When the three months’ day came again, they made a great sledge expedition north to the Straits of Tchekin, called The Unknown and the Bear Straits. Borissoff, as usual, made quantities of paintings. He named one enormous glacier after Count Witte.
“One morning I went out to paint it, shining like silver in the sunlight. I had scarcely finished making the rough sketch,” he tells, “when a noise of shuffling and deep breathing attracted my attention. Glancing round, I saw to my horror the shaggy white body of a great polar bear within ten feet of my back. He had been watching me paint. Now, taking my fright for hostility, he lost interest in art and advanced toward me, with a paw uplifted. Springing back, I snatched my rifle, crying: ‘Oshkai! Oshkai!’ hoping that my companions might hear. Dropping on one knee, I fired; but the bullet only caused the great bear to roar and dash toward me. I fired again. The shot was more effective. It slowed his progress. Then three shots rang from behind an icy boulder; for my companions had heard and come to my rescue, and I was saved.”

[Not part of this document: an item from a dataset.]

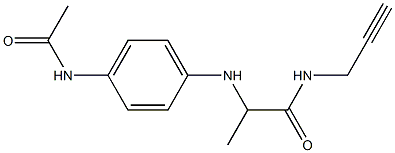 2-[(4-acetamidophenyl)amino]-N-(prop-2-yn-1-yl)propanamide 구조식 이미지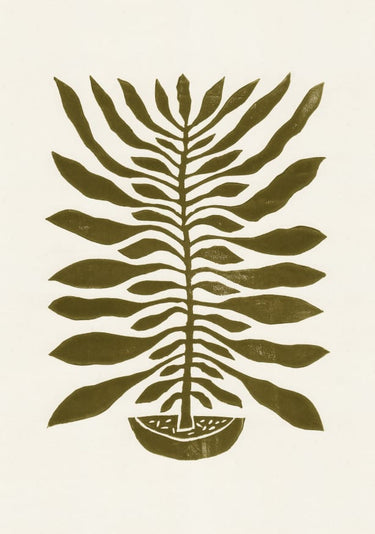 Quadro Ne Hundred Leaved Plant #22 Lino Print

Good luck, however, could not stay with the expedition. First, their best dogs went mad, not from hydrophobia, but from the strange craze of the ice, which affects men and dogs alike. Then food failed. The remaining dogs starved, though they killed their few reindeer to feed both themselves and the dogs. When nothing remained to kill, they were glad to eat the refuse of their previous camps. Amid hair-breadth escapes, suffering from starvation and exhaustion, they wandered back on foot to their portable house, where the arrival of the Russian military transport-ship, the “Pakhtoosoff,” ended their courageous preparations for a second wintering. Leaving the house and its stores to their faithful Samoyeds and carefully packing 418 Borissoff’s three hundred paintings, they steamed back to civilization.
Borissoff’s Revelation of Arctic Color
When Borissoff arrived at St. Petersburg, the Tsar sent for him. His impression of the Emperor was of “a quiet gentleman who takes a keen delight in art.” The Empress, herself a painter of portraits, was immensely interested; and the first exhibition of the paintings took place in the White Salon of the Winter Palace. Other exhibitions followed in other capitals of Europe. In Berlin, the exhibit was patronized by the German Empress; in Munich, by the Prince Regent. In Paris the French Government bought “In the Kara Sea”; while in London the court set pointed the way to all good Englishmen to their exhibition at the Grafton Galleries.
The extraordinary thing about the paintings is, of course, their revelation of the colors of the frozen world of the polar circle. In a region which our ignorant imagination shrouds in dull sepia tones, Borissoff reveals lights that we never dreamed to be on land or sea. There is an effect of strange, mysterious brilliancy in one of his largest canvases, entitled “In the Kingdom of Death.” Dark icebergs tower above the open sea; while through heavy purple-black clouds, melting to blue and mauve, break lines of lurid red light from the August sunrise, that throw an orange-red glow along steely, blue-black waters.
“Midnight in the Kara Sea”—selected by the French Government’s experts as Borissoff’s most extraordinary production—shows a sky of glowing orange, and floes of ice drifting on black waters. An unearthly yellow-green light illumines the deep blue shadows of “A Polar Winter Night.” Two polar bears stand in a great expanse of snow; the moon’s rays fall across rocks and project their outline in black shade. The snow is wonderfully rendered—thick, soft, and glistening, after a recent fall.
“Looking for the Reindeer—Evening” shows a snowy landscape with a firmament of yellow. In “The Cold Became More Severe” gray plains are seen beneath a sky of clear apricot. “A Halting Place” has a dark blue-gray sky, brown-gray ice, a belt of snow, and a range of hills with patches of brown rock showing beneath the snow. Two polar bears lying dead on the ice in front are admirably done; and the whole picture is full of stern romance. The romantic quality of Borissoff’s best pictures comes, in part, from the fact that he makes us understand that people live in these awful places—or have lived!